Six des prévenus sont poursuivis pour une attaque de caserne et une vague d'actes de vandalisme ciblant des gendarmes. Les sept autres personnes jetées en prison, dont une femme, sont par ailleurs inculpées pour un triple lynchage à mort dont le Franco-italien de cinquante ans Roberto Gianfalla, le Français Sébastien Judalet habitant la Seine-Saint-Denis et le Malgache d'origine comorienne Zaidou en ont fait les frais.

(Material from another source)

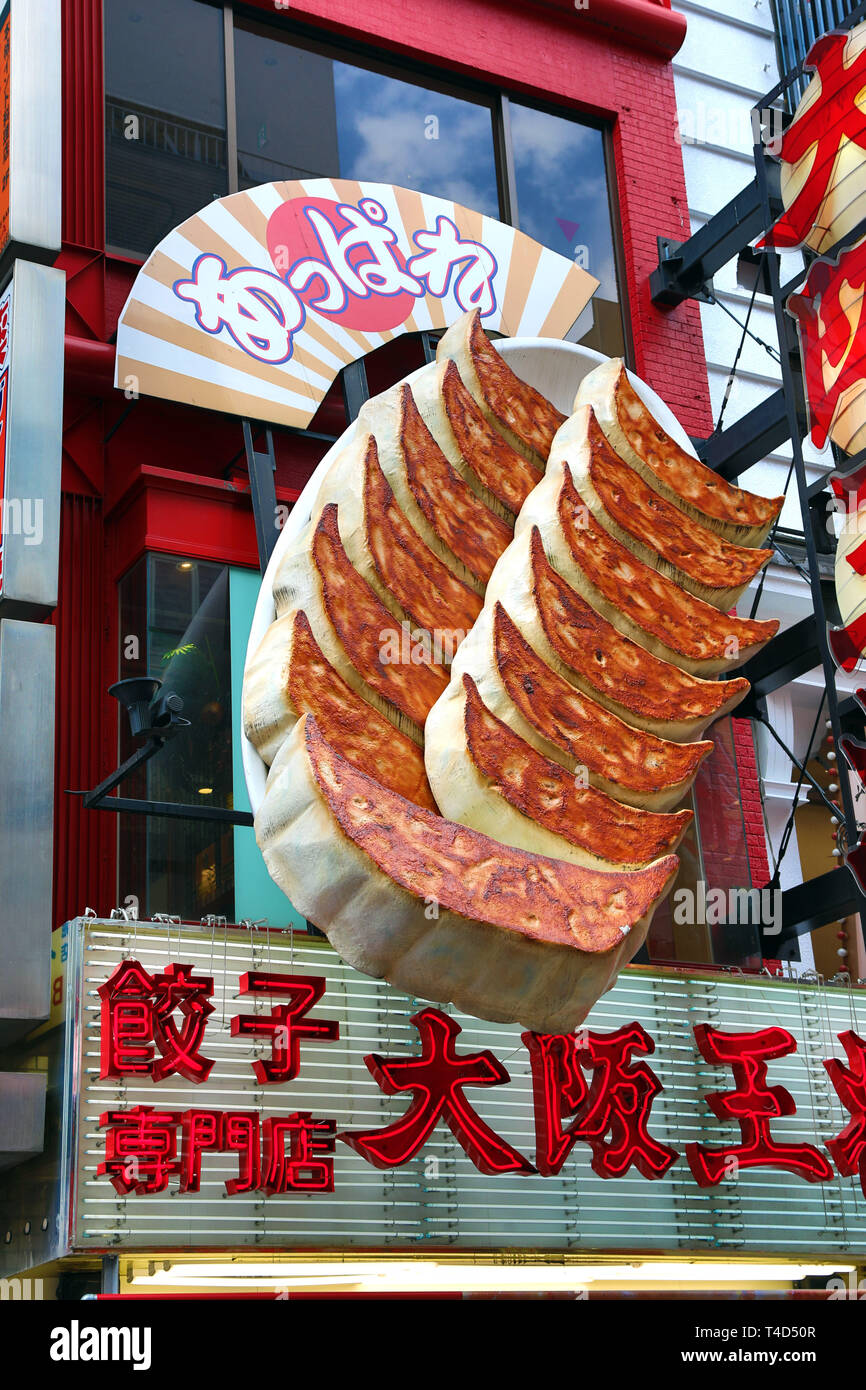 Osaka Ohsho restaurante con dumplings gyoza gigante firmar en Dotonbori, Osaka, Japón Foto de stock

Pour rappel, la sœur de Roberto Gianfalla, ancien cuisinier à Annecy, a déposé une plainte auprès de l’antenne de la police judiciaire française de la région Rhône-Alpes le lundi 14 octobre. Deux jours plus tôt, quatorze autre suspects arrêtés dans l'île au parfum avaient déjà été placés sous mandat de dépôt sitôt transférés à Tana. Détenus à la maison de force de Tsiafahy, deux d'entre ont plongé pour le double homicide dont les deux Européens ont été victimes. En revanche, leurs onze coaccusés sont poursuivis pour attaque de camp de gendarmerie et vandalisme, ont été écroués à la maison centrale d'Antanimora. L'ancien membre du conseil supérieur de la Transition Joseph Yoland a également été incarcéré à Antanimora pour incitation au trouble de l'ordre public.
Délégation judiciaire
La mise en détention pré­ventive de douze des treize inculpés, auditionnés à Anosy hier, porte à vingt-six le nombre de personnes emprisonnées pour l'affaire de Nosy-Be.
La deuxième vague de prévenus a quitté la ville de Nosy Be, mardi, vers quatre heures du matin. Un taxi-brousse a été spécialement affrété pour les conduire à Tana. Ils ont été escortés par huit gendarmes dont un officier, trois gradés et quatre éléments. Pour cause de problème de santé, la femme mise en détention préventive, hier, n'a pas fait le voyage à leur côté. Convoquée par le parquet, cette dernière s'est rendue dans la capitale par ses propres moyens. Soup­çonnée d'avoir trempé dans le triple lynchage, elle a néanmoins répondu présente au parquet, hier.
«Toutes les enquêtes préliminaires ont été effectuées à Nosy Be. En revanche, les défèrements ont eu lieu à Tana », explique le colonel Christophe Randriamanarina, commandant de la circonscription inter-régionale de la gendarmerie nationale à Antsiranana.
«Après audition des prévenus de la première vague, le tribunal a émis une délégation judiciaire qui nous a saisi d'interpeller et d'enquêter treize autres individus », enchaîne-t-il.
L'arrestation de ces derniers a commencé dans la semaine du 14 octobre.